Дифференциально-диагностическая среда с фенолфталеинфосфатом натрия. К 100 мл питательного агара, расплавленного и имеющего температуру 45-50° С, добавляют следующие растворы: 0,5 мл полимиксина М сульфата, 0,5 мл невиграмона, 10 мл гризеофульвина, 10 мл моющего средства «Прогресс», 0,1 мл натрия фенолфталеинфосфата. Компоненты перемешивают, разливают в чашки Петри. Среда пригодна 1-2 сут. при хранении в условиях холодильника.
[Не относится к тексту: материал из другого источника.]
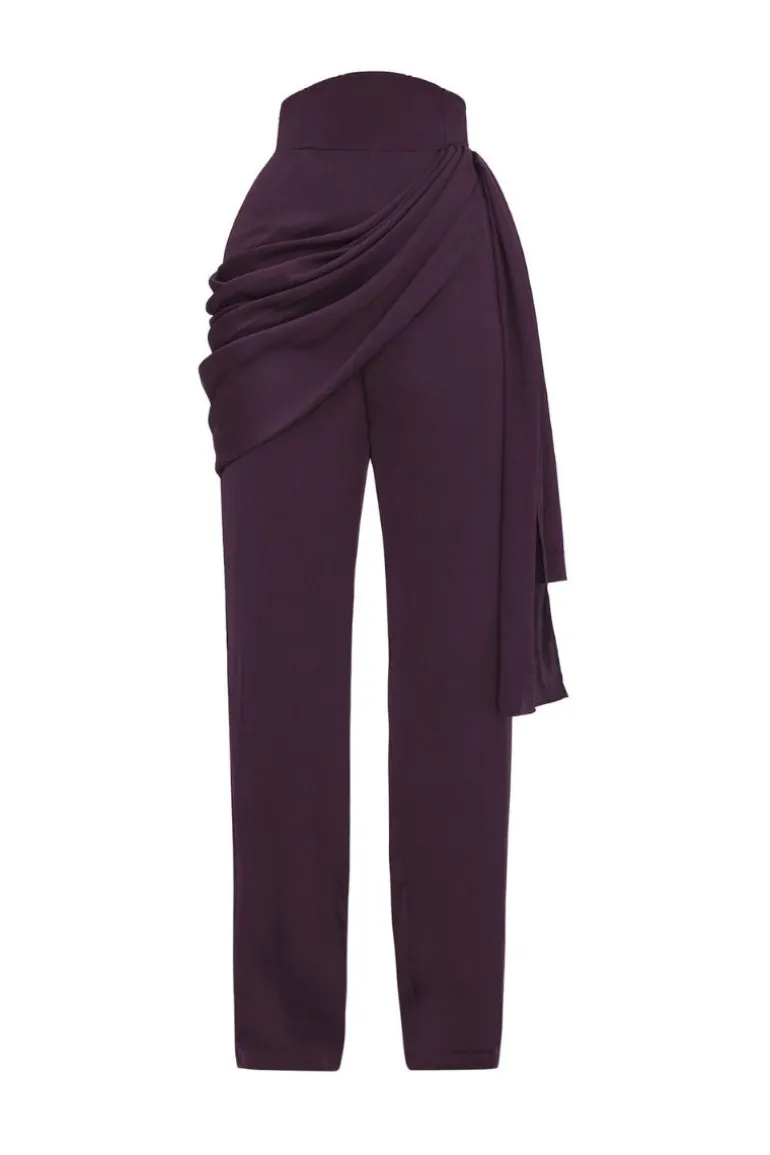Pants<CULT MIA LOTI DRAP PANTS IN BERRY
Через 18-24 ч культивирования посевов в крышку чашки Петри вносят 1-2 мл 25%-ного водного раствора аммиака. Чашку выдерживают (крышкой вниз) при 20° С 1 минуту и учитывают результат. Колонии бактерий с фосфатазной активностью розовеют, остальные колонии, в том числе В. anthracis, остаются бесцветными. Среда обладает селективными свойствами.
|
|
|
Приготовление растворов. Полимиксина М сульфат растворяют в физиологическом растворе из расчета 10000 ЕД/мл, невиграмон растворяют в 25%-ном водном растворе аммиака, затем разводят стерильным 0,9%-ным раствором натрия хлорида до концентрации 100 мкг/мл. Моющее средство «Прогресс» разводят стерильной дистиллированной водой до концентрации 0,1%. Гризеофульвин растирают в ступке, растворяют в стерильной дистиллированной воде до концентрации 100 мкг/мл. Натрия фенолфталеинфосфат (коммерческий 10%-ный раствор) прогревают на водяной бане при 56° С 30 минут.
Среду используют для выделения из загрязненного материала возбудителя сибирской язвы.